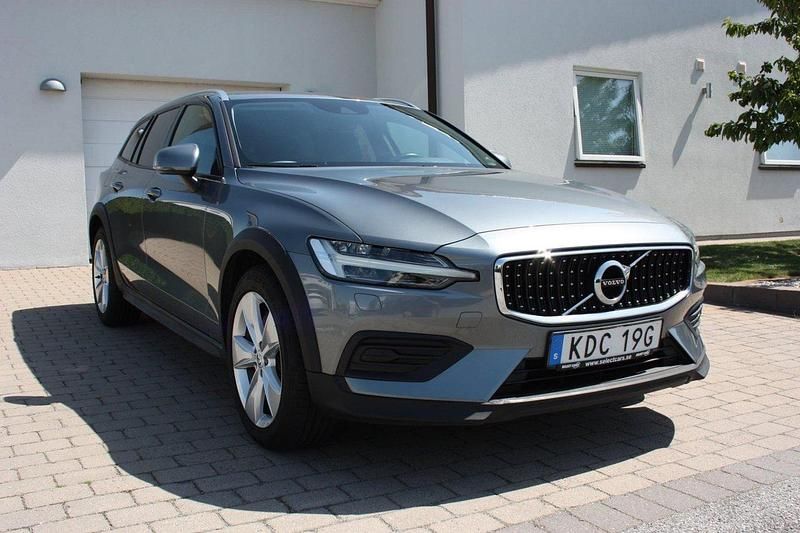 Grå Begagnad 2019 Volvo V60 CC Kombi | 295 000 kr (Marknadspris) - Bild 1/4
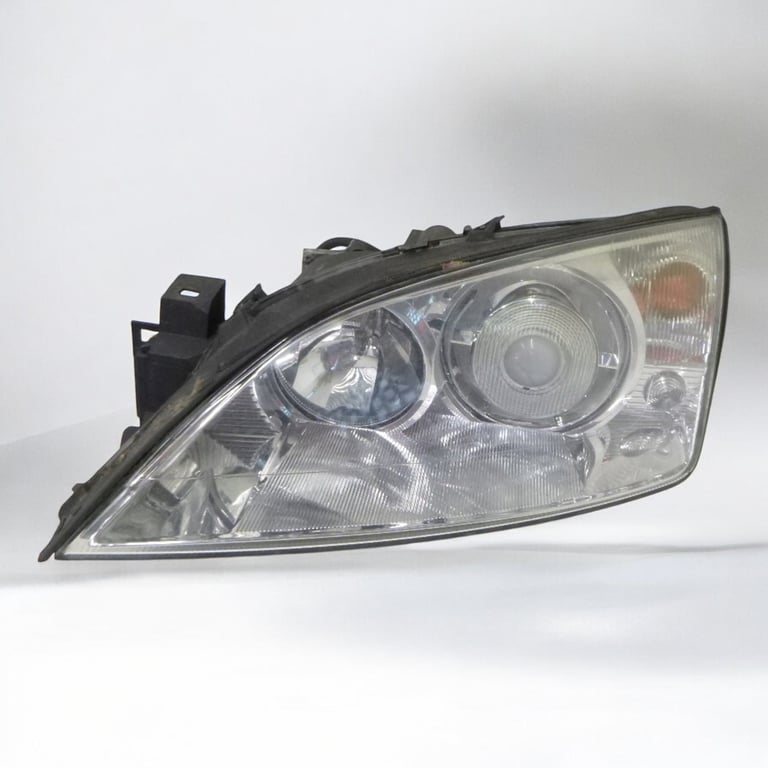 Frontscheinwerfer Ford Mondeo III 1S71-13006-CN Xenon Links Headlight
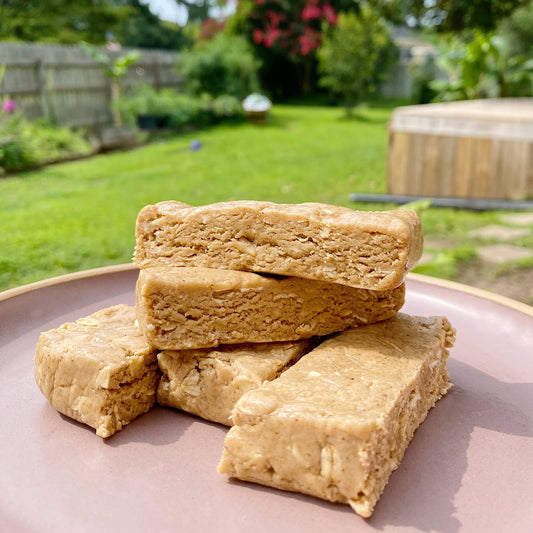 Super Power Bars by Elizabeth Thomas | The Salty Vogue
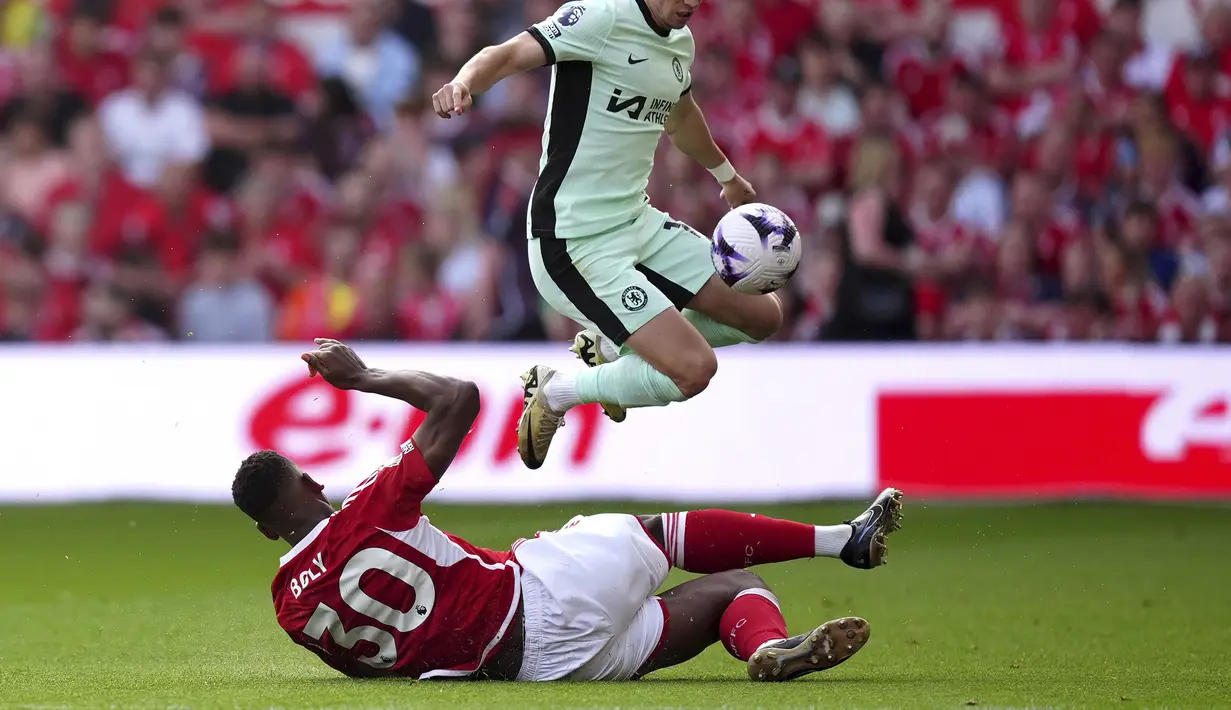 <p>Sedangkan Nottingham Forest sempat membalas lewat Willy Boly dan Callum Hudson-Odoi. (Martin Rickett/PA via AP)</p>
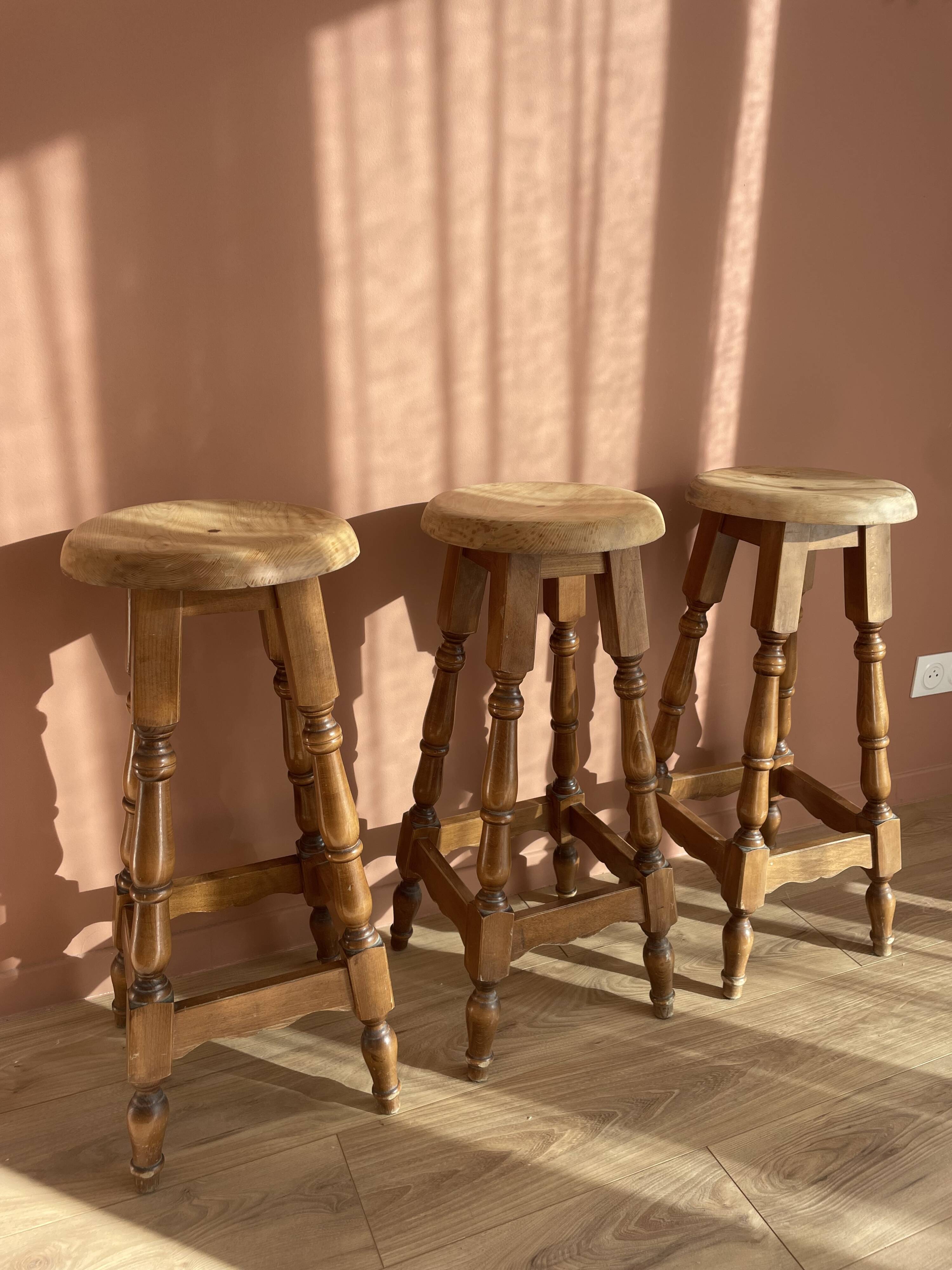 Solid wood bar stool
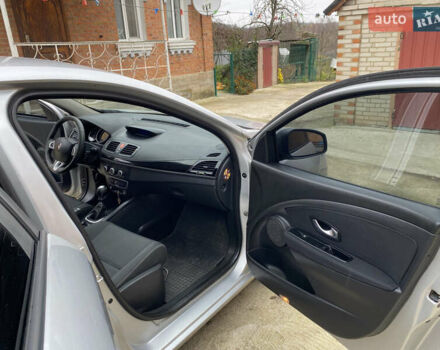 Сірий Рено Меган, об'ємом двигуна 1.46 л та пробігом 239 тис. км за 6700 $, фото 10 на Automoto.ua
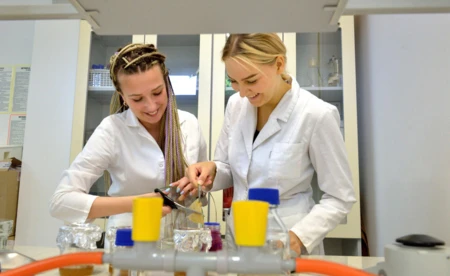 Bezpieczna, tania i smaczna, czyli… szynka z celulozy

• About this exercise
The lines from the one containing "Frontscheinwerfer Ford Mondeo" through the final line of the data are to be repeated exactly, with both ends included and all pictures left out.

• Response to the task
 Frontscheinwerfer Ford Mondeo III 1S71-13006-CN Xenon Links Headlight
 Super Power Bars by Elizabeth Thomas | The Salty Vogue
 <p>Sedangkan Nottingham Forest sempat membalas lewat Willy Boly dan Callum Hudson-Odoi. (Martin Rickett/PA via AP)</p>
 Solid wood bar stool
 Сірий Рено Меган, об'ємом двигуна 1.46 л та пробігом 239 тис. км за 6700 $, фото 10 на Automoto.ua
 Bezpieczna, tania i smaczna, czyli… szynka z celulozy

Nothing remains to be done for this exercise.